I'm a big fan of JSR303 Bean Validation for this as it is very rich, pretty
standard and is an active JSR, with some tooling support. It works equally
well in UI and server code, which is a definite requirement for me, since
when doing a desktop client-server app we need to validate on the client
for presentation reasons, but also validate on the server for security
reasons (since you can never trust that the client app is your app). My
preferred validation framework is basically a JFX based presentation layer
on top of JSR303.

This brings us back again to the issue of what is 'core' and what is higher
level as it uses a third party library (although it is a JSR, so perhaps
that helps). I noticed when I first raised the topic that while JSR303
seems awesome to me, others had some concern about the need to validate a
whole 'bean' rather than just simple, individual field validation built
into Controls. This would not work for me, but I can see the appeal with a
simple API so we once again have more than one 'acceptable' approach. There
was also some concern about JSR303 using annotations, the Scala people had
trouble with this I think (although I'm personally not sure that's a good
reason not to use it).
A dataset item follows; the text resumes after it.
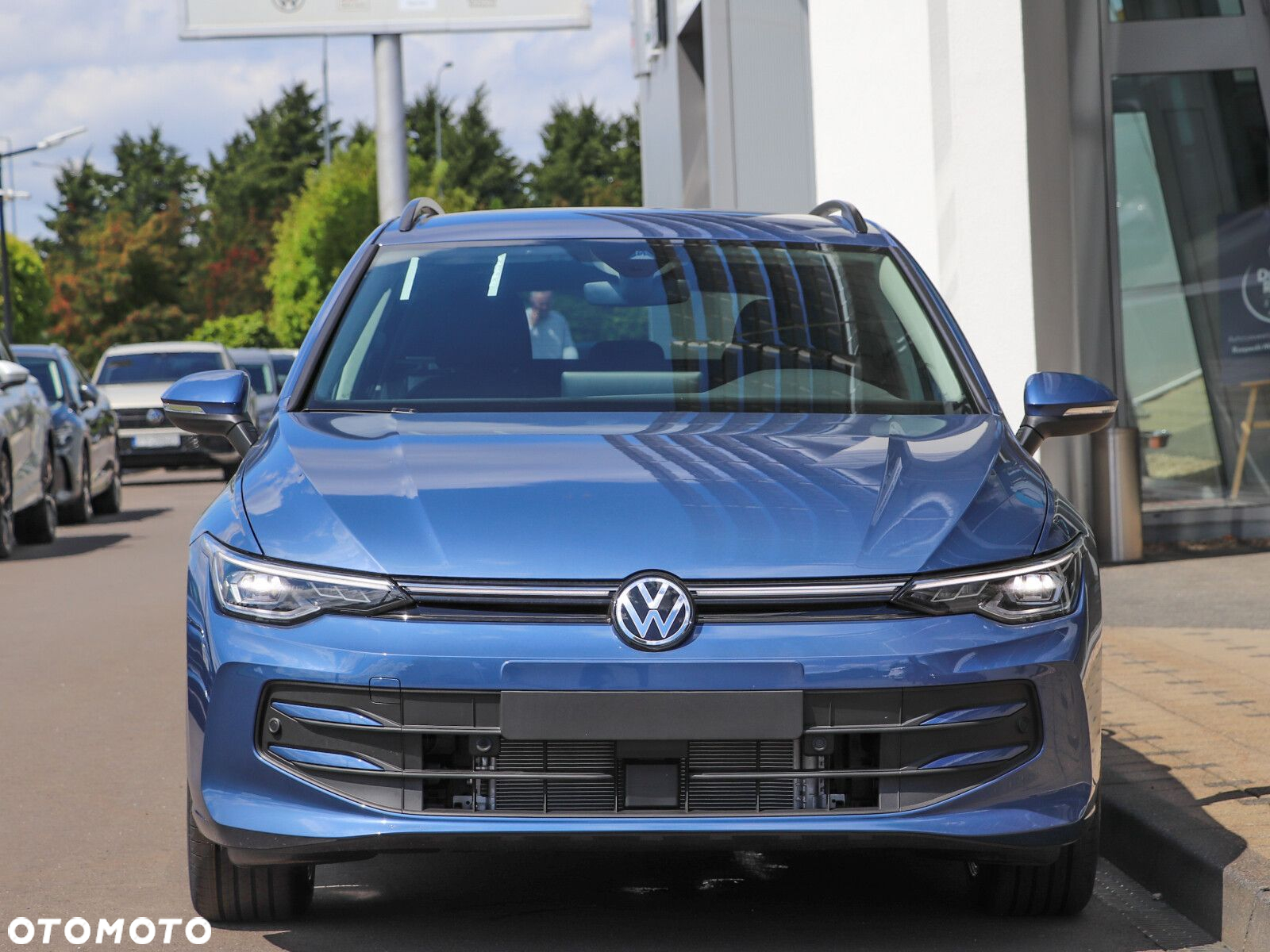 Volkswagen Golf - 8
So we hit that question again of whether JFX should
provide an out-of-the-box solution or just plumbing that an open source
project (or projects) can build upon to provide higher level utilities.

Looking at just the low level plumbing aspects, the things that JFX was
lacking that would make my specific validation framework easier to
implement are discussed in this thread:

The ability to visually annotate or mark up a node (or control) is the key
one for me. This would be useful both for validation frameworks but would
also have much wider applications (which is a good test of 'plumbing' in my
mind), such as marking up nodes for 'live help' or highlighting nodes when
doing a guided walk-through of an application in 'tutorial mode'.
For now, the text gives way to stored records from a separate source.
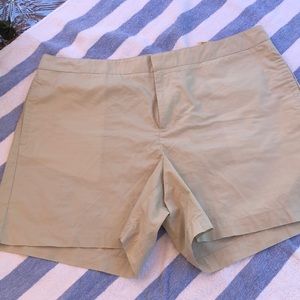 Dockers 💯 % cotton shorts for women Size 14 New with Tags khaki/cream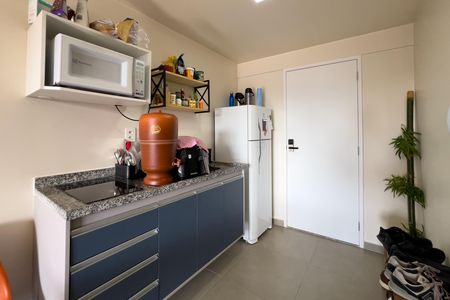 Studio à venda com 28m², 1 quarto e sem vaga Studio à venda com 28m², 1 quarto e sem vagaCozinha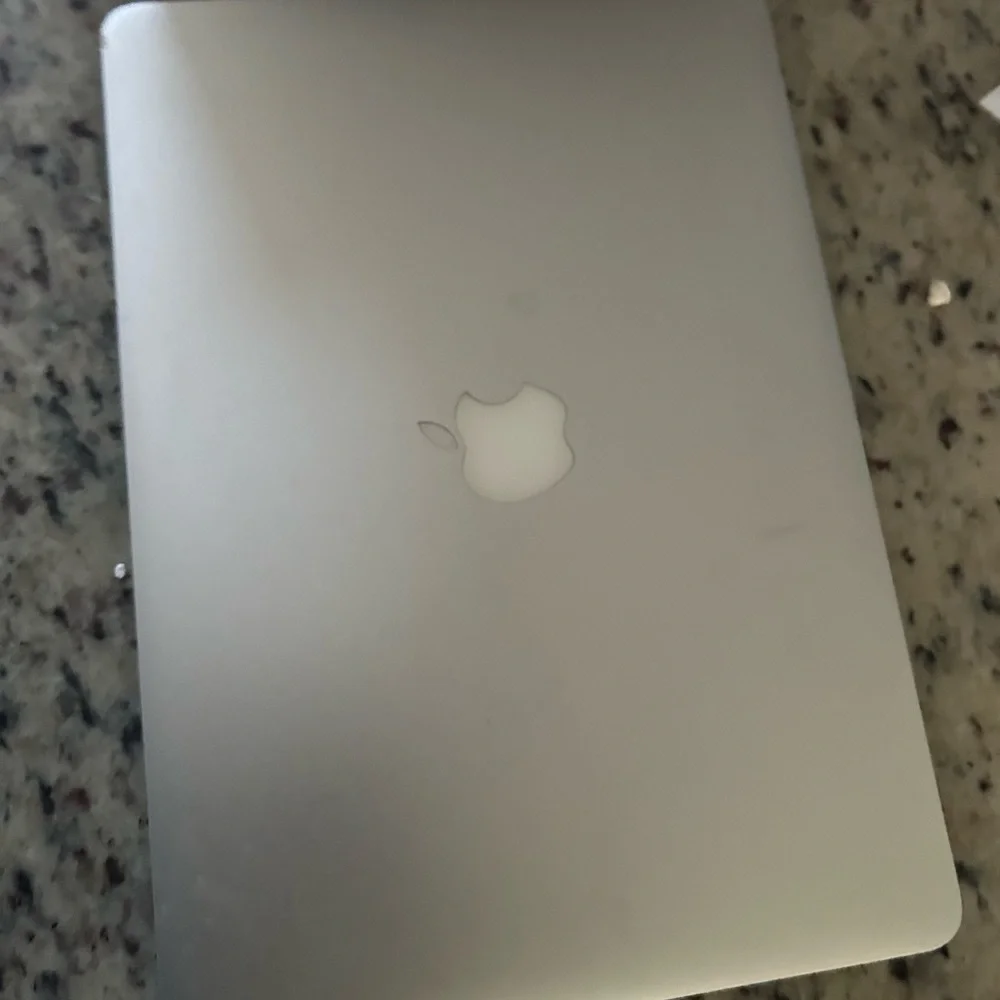 Apple elegant macbook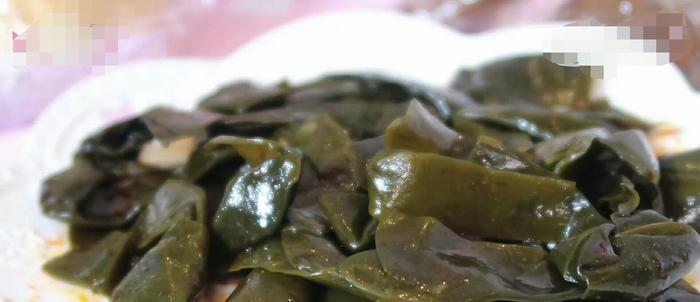 大胃王“鱼子酱”这次要介绍好吃的零食,以下几款你们都吃过了吗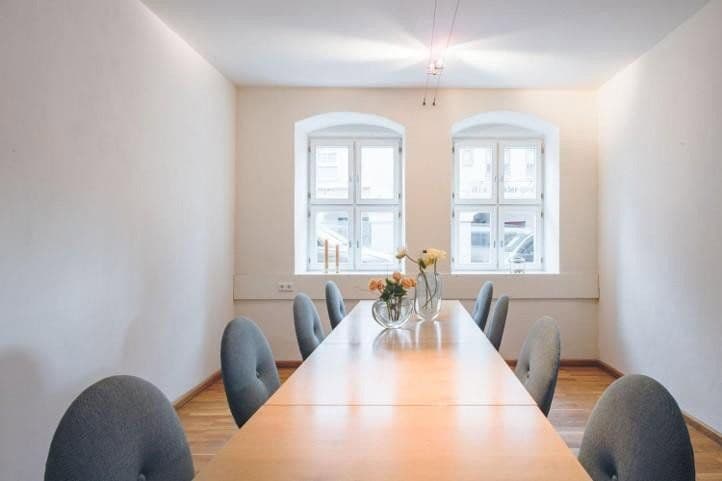 Prodej domu 835 m², pozemek 855 m², Hauptstraße 70, Feucht, Bavorsko Prodej domu 835 m², pozemek 855 m², Hauptstraße 70, Feucht, Bavorsko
After our discussions in that thread I've personally come to the conclusion
that a consistent 'value' property is not actually a strong requirement but
that some of the controls (i.e. ChoiceBox) were just lacking a value
property and I believe this has been is or is being addressed.

Additionally to the earlier issues, the other big plumbing thing that was
not up to the level needed yet was the JFX Tooltip API. The current tooltip
mechanism is very simple and I really would have benefited from being able
to specify specific tooltip timings and features on a per-control basis
(i.e. when a field has an error I want to be able to show the tooltip
instantly when the field has focus and keep it visible, but without an
error, the tooltip can go back to normal). There is an existing JIRA
request for this sort of thing:

On Tue, Feb 21, 2012 at 5:07 AM, Jeff McDonald < at>wrote:

> As part of the App kernel frameworks discussion Richard has discussed the
> need for a validation frameworks. I'm breaking out the discussion on
> validation because the topic is broad enough to benefit from a focused
> discussion.
> My random thoughts:
> - All of Java can benefit from validation, and not just JavaFX. Where
> should a validation frameworks fit into the Java ecosystem?
> - Thinking about validation there are two categories that I can think of
> (1)passive validation - this is the most obvious. A users types in a value
> and submits it and validation is performed and either the input is bad or
> it's good. (2) active validation - input is evaluated and validated during
> the input process. As an example: Let's say you have a field that accepts
> an email address. With passive validation the user could be informed that
> they entered an invalid email address. In an active validation system the
> field could restrict the user from entering invalid characters or stop
> accepting input once a maximum size is reached.
> - JavaFX can benefit from both passive and active forms of validation. The
> important question becomes how to implement validation into the UI. Where
> to place the hooks and response behavior in the UI code.
> - What things work great in existing validation frameworks? What sucks?
> - What libraries do you use? Why did you pick that library?
> - What is missing from existing validation frameworks?